● Data extracts
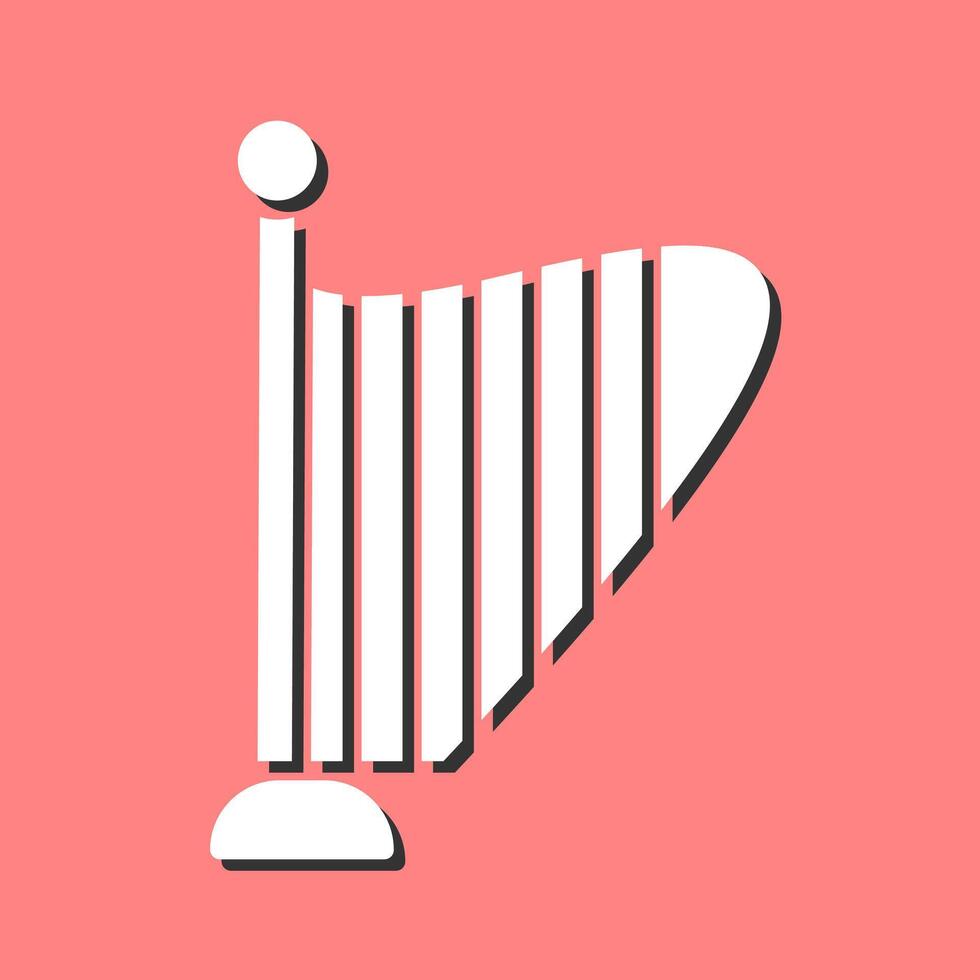 icône de vecteur de harpe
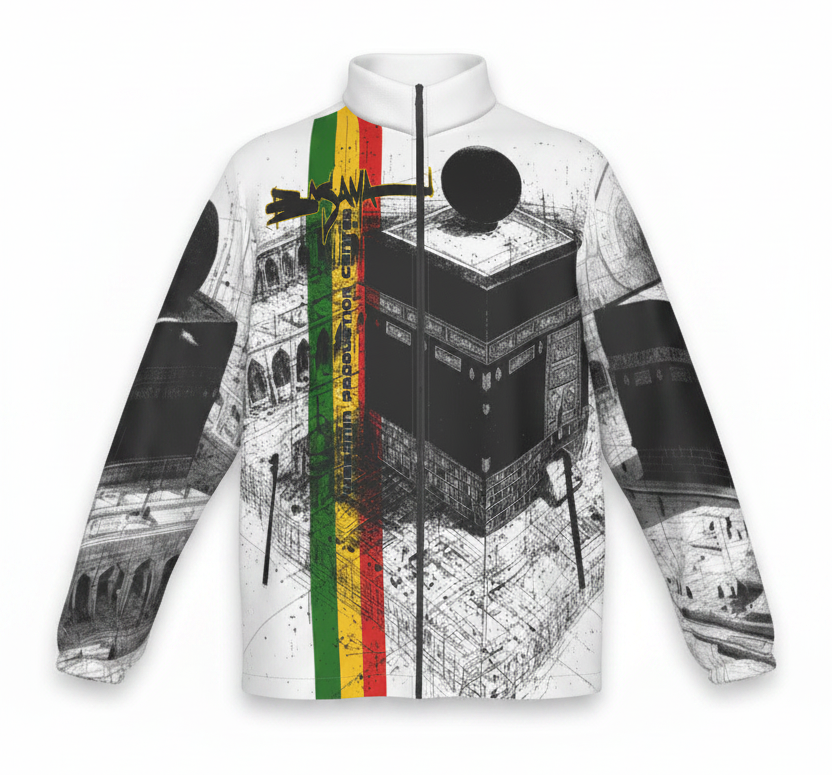MPC Melanin Production Center Jacket front flat lay on white
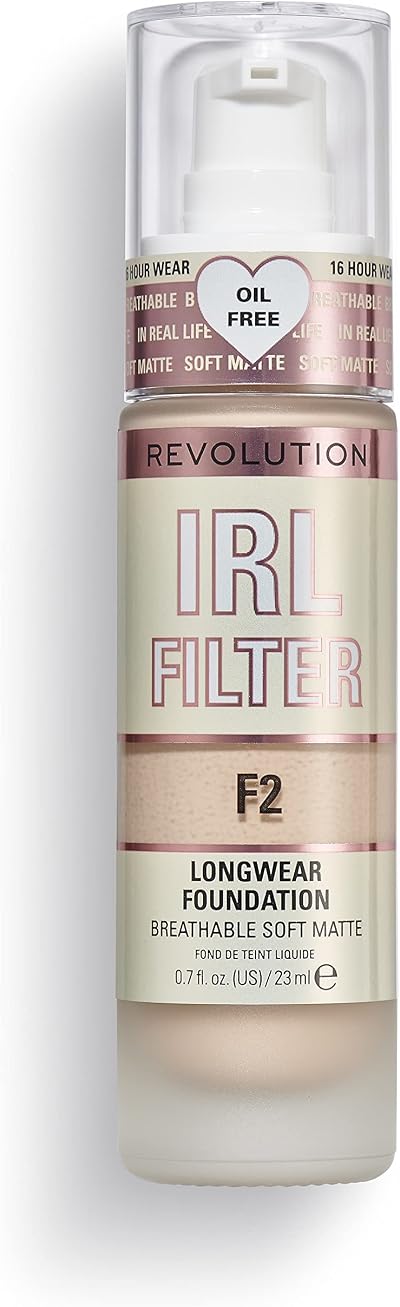 Revolution IRL Filter Longwear Foundation F2 Medium to Full Coverage 23ml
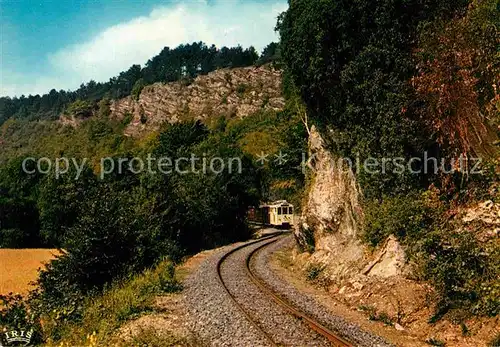 AK / Ansichtskarte Eisenbahn Tram Panoramique Grottes de Han sur Lesse Rochers de Faule Kat. Eisenbahn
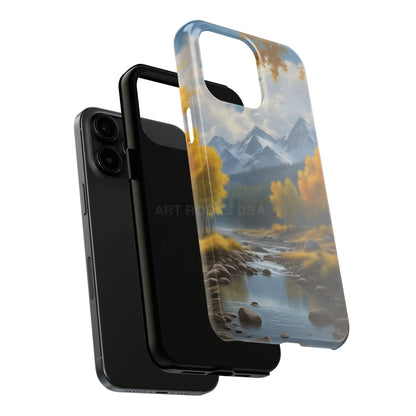 Aspens in The Mountains Tough Phone Cases Nature Phone Cover Outdoor Adventure Gift Protective Cases Wildlife-Inspired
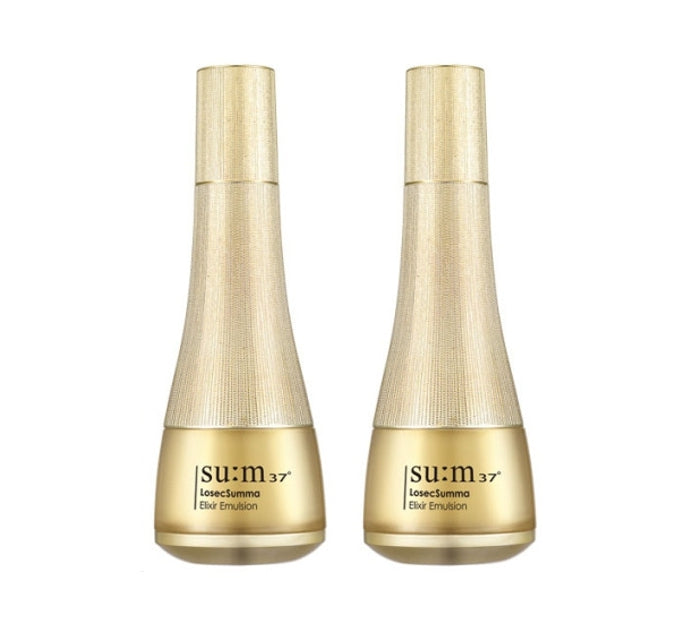 2 x Su:m37 LosecSumma Elixir Emulsion 130ml from Korea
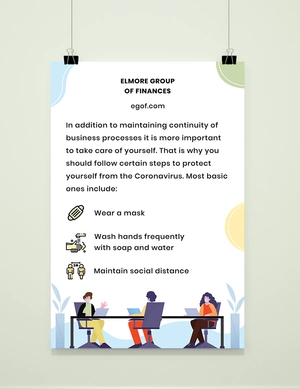 Protect Yourself Poster for Office Template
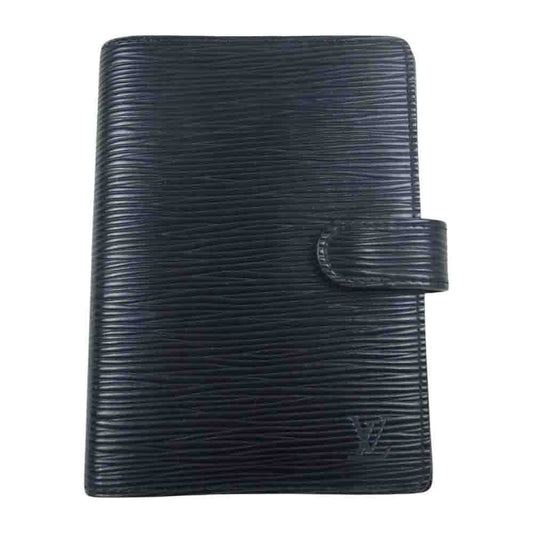 LOUIS VUITTON ルイ・ヴィトン エピ アジェンダ MM 手帳カバー  ブラック系【中古】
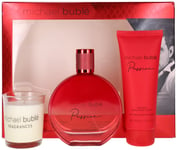 Passion by Michael Buble Women Set:EDP+Candle+Hand & Body Lotion 3.4+2.5+3.4 New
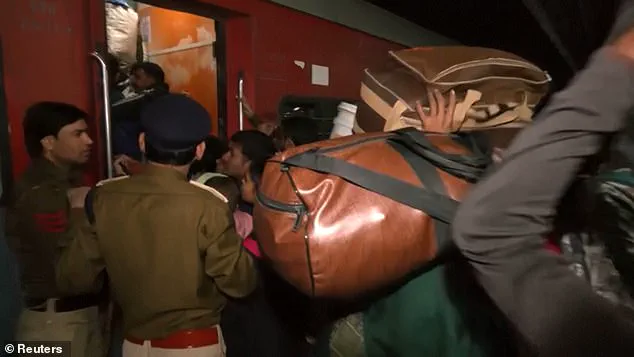 Footage Shows stampede at Indian train station leaves at least 15 people dead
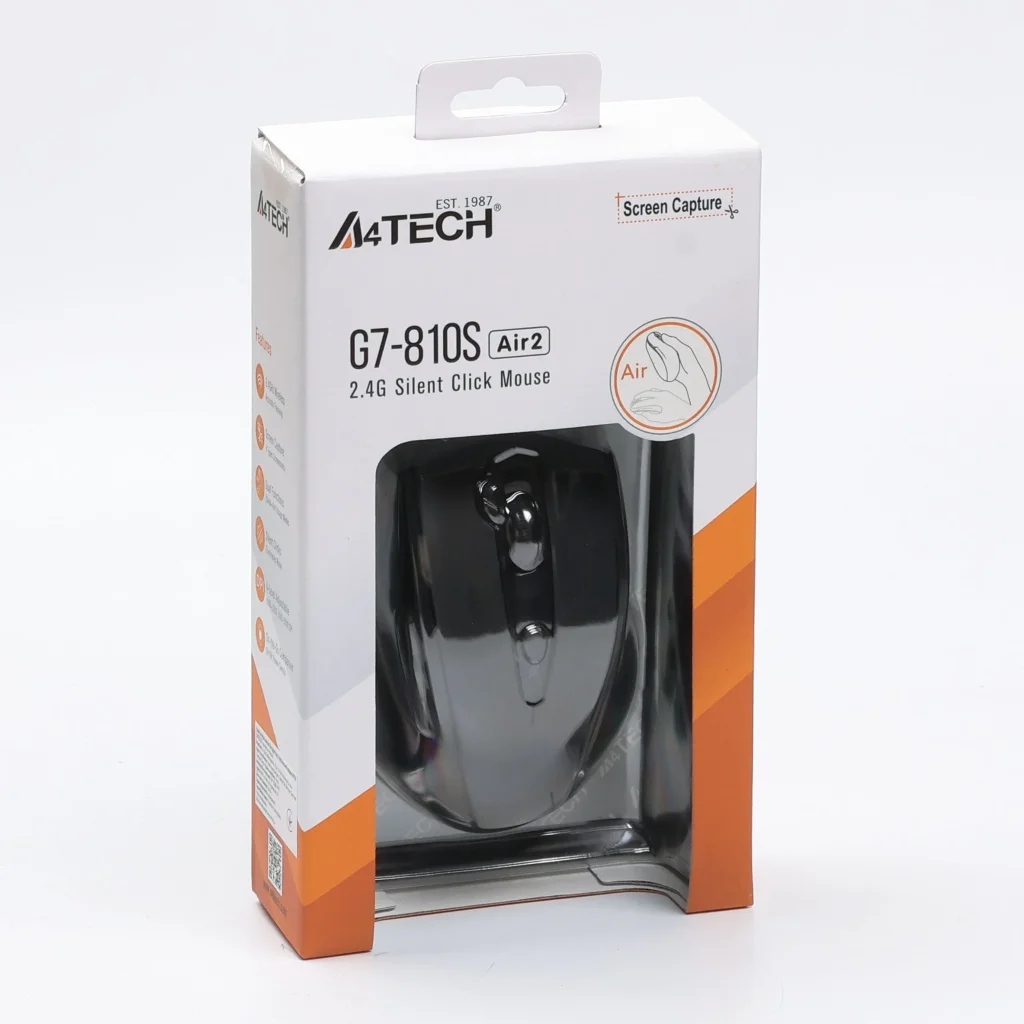 Миша бездротова A4Tech G7-810S Air2 Black, G7-810S Air2 (Black) UA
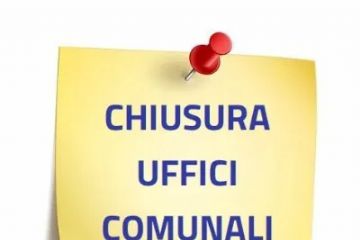 avviso chiusura uffici comunali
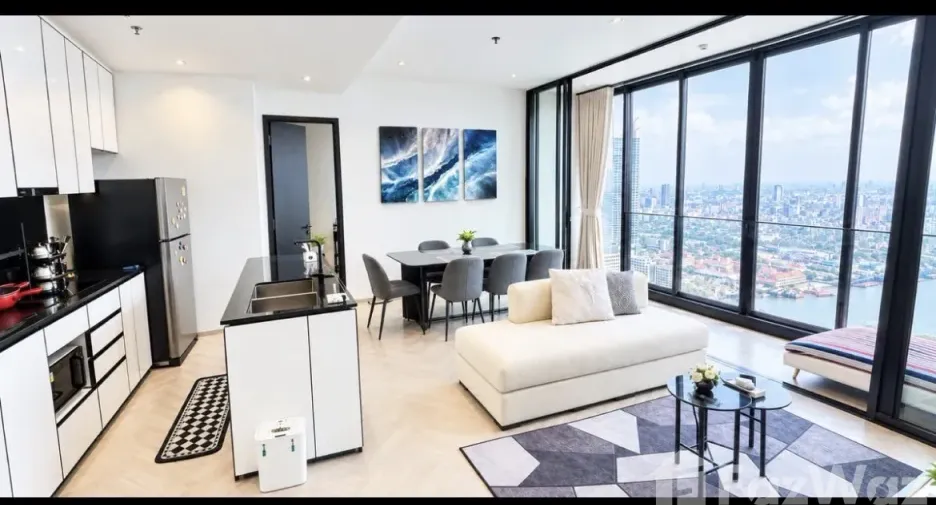 Wohnung zur Miete mit 2 Zimmer in Khlong San, Bangkok
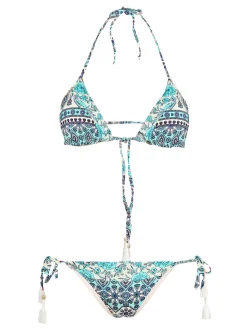 Triangel-Bikini mit Gipsy-Print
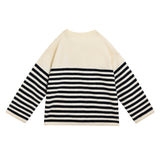 Cream Striped Character Sweater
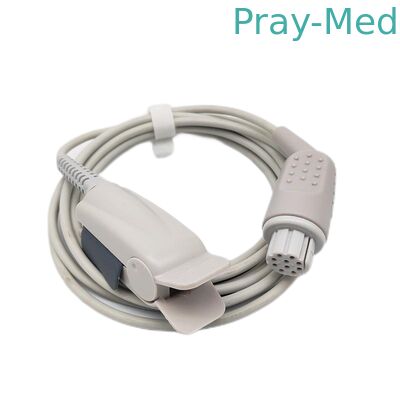 주문 손가락 클립 Datex Ohmeda 맥박 산소 농도체 조사, 10 핀 Spo2 손가락 조사 온라인 제조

● Problem requirements
Exact copy, pictures excluded: every line above from the one containing "MPC Melanin Production" to the one containing "LOUIS VUITTON ルイ・ヴィトン", inclusive, and nothing more.

● Response
MPC Melanin Production Center Jacket front flat lay on white
 Revolution IRL Filter Longwear Foundation F2 Medium to Full Coverage 23ml
 AK / Ansichtskarte Eisenbahn Tram Panoramique Grottes de Han sur Lesse Rochers de Faule Kat. Eisenbahn
 Aspens in The Mountains Tough Phone Cases Nature Phone Cover Outdoor Adventure Gift Protective Cases Wildlife-Inspired
 2 x Su:m37 LosecSumma Elixir Emulsion 130ml from Korea
 Protect Yourself Poster for Office Template
 LOUIS VUITTON ルイ・ヴィトン エピ アジェンダ MM 手帳カバー  ブラック系【中古】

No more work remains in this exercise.